Andrea Kilburger

Julian´s tödliche Träume

Es war Winter in Boston, die Strassen waren mit Schnee bedeckt, in der kalten Nacht. Nicht mehr viele Menschen waren in der East-Politon unterwegs. Aber Julian Moore, eine Frau, die mit ihren 33 Jahren noch sehr jung wirkte, ging durch die Strasse. Wie in Trance schlenderte sie an den Häusern vorbei. Sie nahm kein Geräusch, keinen Geruch und keine Bewegung wahr. Das ein oder andere Auto fuhr an ihr vorbei, aber sie merkte davon gar nichts. Dann, plötzlich erinnerte sie sich wieder daran, warum sie eigentlich hier war. Sie blickte auf die gegenüberliegende Strassenseite. Das Haus, Nummer 35, kam ihr irgendwie bekannt vor. Sie ging darauf zu. Vor der Eingangstür blieb sie stehen. Sie tastete auf den alten Türrahmen. Es war eher ein zärtliches streicheln. Dann kam eine Erinnerung hervor:

Eine Wiese, grün war sie, mit Gänseblümchen. Julian, 7 Jahre alt, tanzte und summte ein fröhliches Lied vor sich.

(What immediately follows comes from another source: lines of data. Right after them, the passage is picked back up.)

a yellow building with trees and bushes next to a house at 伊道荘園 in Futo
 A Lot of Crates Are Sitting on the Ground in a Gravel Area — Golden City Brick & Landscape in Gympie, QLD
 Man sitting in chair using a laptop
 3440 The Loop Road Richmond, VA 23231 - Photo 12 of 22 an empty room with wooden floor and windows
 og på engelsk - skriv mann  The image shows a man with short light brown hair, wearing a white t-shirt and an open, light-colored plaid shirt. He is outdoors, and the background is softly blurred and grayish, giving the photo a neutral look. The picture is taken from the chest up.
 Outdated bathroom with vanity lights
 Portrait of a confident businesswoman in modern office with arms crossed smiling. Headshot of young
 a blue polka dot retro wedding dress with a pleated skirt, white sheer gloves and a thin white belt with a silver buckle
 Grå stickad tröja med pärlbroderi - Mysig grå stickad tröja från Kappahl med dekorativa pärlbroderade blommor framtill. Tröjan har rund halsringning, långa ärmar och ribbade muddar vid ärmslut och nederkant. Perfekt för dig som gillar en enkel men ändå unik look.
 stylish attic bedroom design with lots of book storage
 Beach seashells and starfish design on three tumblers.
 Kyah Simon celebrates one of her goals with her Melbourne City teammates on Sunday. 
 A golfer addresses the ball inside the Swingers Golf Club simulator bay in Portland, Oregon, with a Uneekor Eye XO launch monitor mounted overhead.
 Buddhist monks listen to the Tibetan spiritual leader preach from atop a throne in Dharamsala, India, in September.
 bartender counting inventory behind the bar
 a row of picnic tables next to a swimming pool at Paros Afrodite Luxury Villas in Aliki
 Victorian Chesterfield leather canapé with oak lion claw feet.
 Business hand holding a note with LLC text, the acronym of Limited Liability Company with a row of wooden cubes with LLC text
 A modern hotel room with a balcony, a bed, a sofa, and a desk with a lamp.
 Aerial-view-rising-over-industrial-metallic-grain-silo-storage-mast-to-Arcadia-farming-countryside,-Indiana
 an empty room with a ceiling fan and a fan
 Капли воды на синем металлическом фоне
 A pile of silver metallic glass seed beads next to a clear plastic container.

Dann blieb sie stehen und pflückte einen Strauss von den Gänseblumen. "Mamma wird sich freuen", sagte sie vor sich hin. Dann hielt sie inne. Sie blickte auf und erkannte von weitem den Nachbarsjungen, Tom Tyler. Er war nicht alleine. Zwei Männer waren bei ihm. Einen vohn ihnen identifizierte Julian als seinen Vater, der andere, ein älterer Mann, er musste um die 60 sein, kannte sie nicht. Tom´s Vater schrie ihn an. Aber was er sagte, konnte sie nicht verstehen. Dann bekam Tom von dem anderen Mann einen hieb ins Kreuz. Tom sackte zu Boden. Sein Vater trat ihm mit seinem rechten Fuss in den Bauch. Noch einmal und noch einmal. Dann bekam er von seinem Vater einen Fausthieb ins Gesicht. Julian konnte erkennen, das er aus der Nase blutete. Sie legte sich ins hohe Gras um nicht entdeckt zu werden. Sie beobachtete weiter, wie die beiden Männer Tom langsam ein Kleidungsstück nach dem anderen auszogen, bis er nackt war. Dann nahm der ältere Mann seinen Gürtel von der Hose und schlug damit auf Tom ein. Er schrie. Dann hielt der Mann kurz inne und Toms Vater knebelte seinen Sohn mit einem Taschentuch, damit er nicht mehr schrein konnte. Dann fuhr der Mann fort, bis Tom regungslos auf dem Boden lag - er war tot.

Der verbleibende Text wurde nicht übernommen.